The words 'siraja helang' from Syair surat kirim kepada perempuan, showing Ibrahim's characteristic 'parallel-headed' letter jim, and the concave-convex tail of nga. British Library, MSS Malay B.3, f.45r (detail).  noc

On the basis of the handwriting, it is possible to identify a few more manuscripts in the British Library that may have been (at least partially) copied by Ibrahim, such as a copy of the last chapters of the Hikayat Hang Tuah (MSS Malay B.1) shown below.  In addition Ibrahim is known to have copied two MSS of the Sejarah Melayu now in the Raffles collection in the Royal Asiatic Society (Raffles Malay 35, dated January 1808, and Raffles Malay 39, dated March 1812). 

MSS.Malay.B.1,ff.139-140 copy

Ibrahim's distinctive letter jim can be seen in the word raja at the start of the top line on the right hand page, and his nga in the word yang on the bottom line of the left hand page, in this MS of Hikayat Hang Tuah.

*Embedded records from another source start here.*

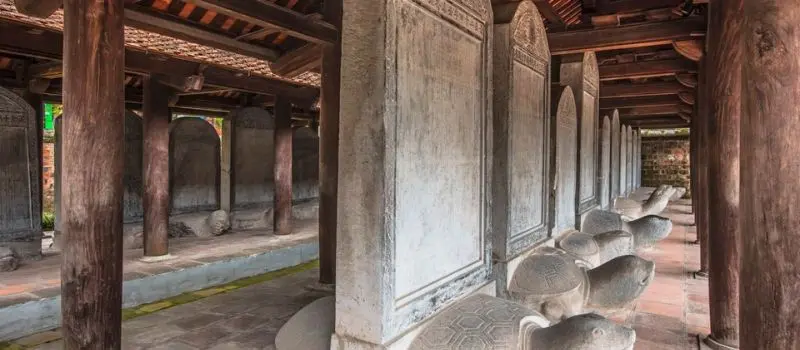 Où est situé le Temple de la Littérature Hanoi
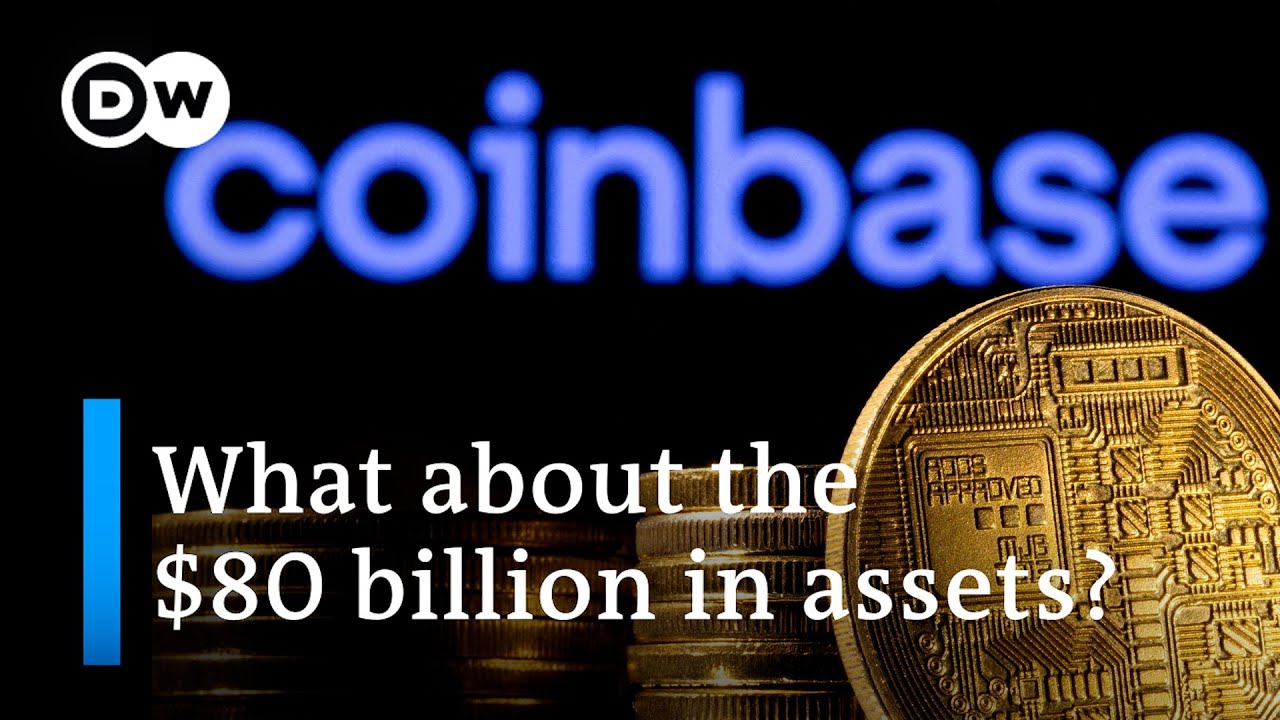 Will this change the entire crypto market? US regulators sue crypto  platform Coinbase | DW News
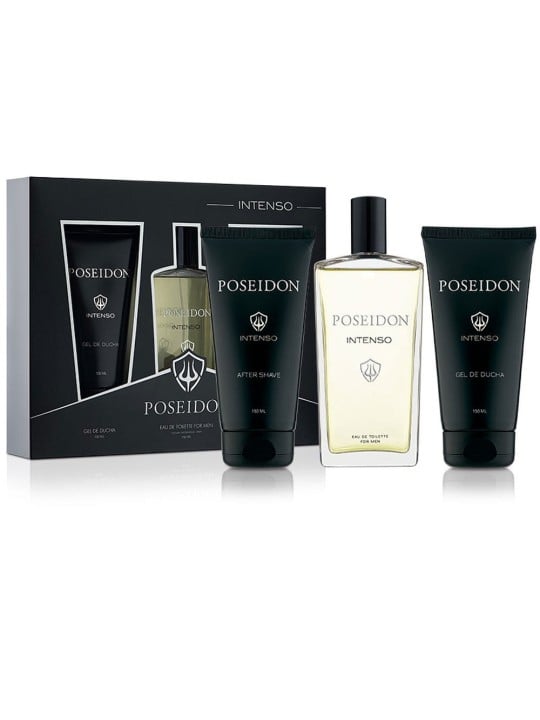 Posseidon POSEIDON INTENSO set 3 unit uomo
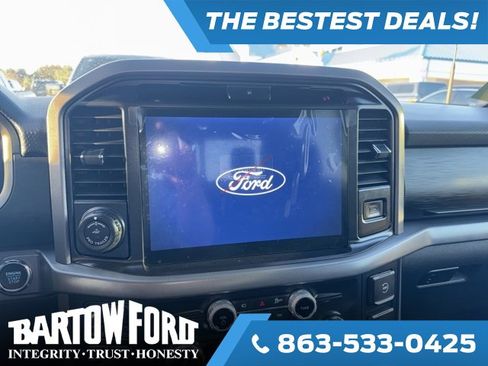 Used 2025 Ford F150 XLT w/ Equipment Group 302A MID image 10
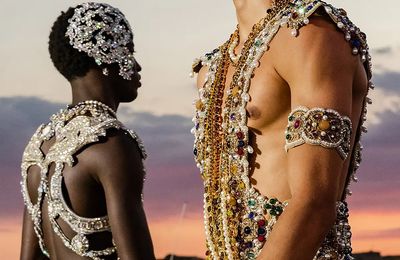 Dolce & Gabbana Siracusa Alta Sartoria 2022: Trái tim công chúa tóc mây Calafarina
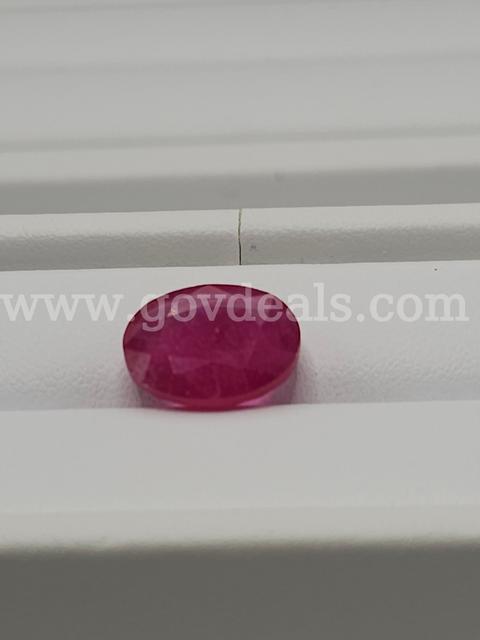 7.05 CT Ruby Gemstone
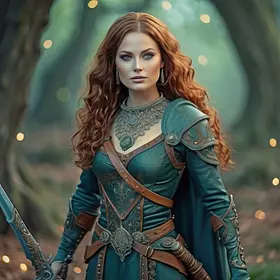 «Лесная загадка: путь воина»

British Library, MSS Malay B.1, ff.139v-140r.  noc

Further reading:

Ahmad Rijaluddin’s Hikayat Perintah Negeri Benggala. Edited and translated by C. Skinner.  The Hague: Martinus Nijhoff, 1982. (Bibliotheca Indonesica; 22).

V.I. Braginsky, The heritage of traditional Malay literature: a historical survey of genres, writings and literary views.  Leiden: KITLV, 2004.

A merry senhor in the Malay world: four texts of the Syair Sinyor Kosta, ed. A. Teeuw, R. Dumas, Muhammad Haji Salleh, R. Tol and M.J. van Yperen. Leiden: KITLV, 2004. Vol.1, pp. 15-20, 193-200 (contains a full transliteration of Syair Silambari).

Annabel Teh Gallop, Lead Curator, Southeast Asia



I am curious about the "tahun-tahun dal", "tahun-tahun wau" and "tahun-tahun alif" segments in the colophons. Was it some kind of multi-year dating system?

I believe the first 'tahun' relates to the hijrah year immediately preceding the word, while the second 'tahun' refers to the year in the daur kecil 8-year cycle, eg. 'tahun alif', 'tahun wau', etc. The best source on Malay calendrical systems is by Ian Proudfoot, Old Muslim calendars of Southeast Asia. Leiden: Brill, 2006.

Oh wow thanks Annabel! I assumed at first glance that the hijrah year was marked by 'sanat'; and that 'tahun' had shifted in meaning from something else to replace 'sanat' in modern Malay. Will check out Proudfoot.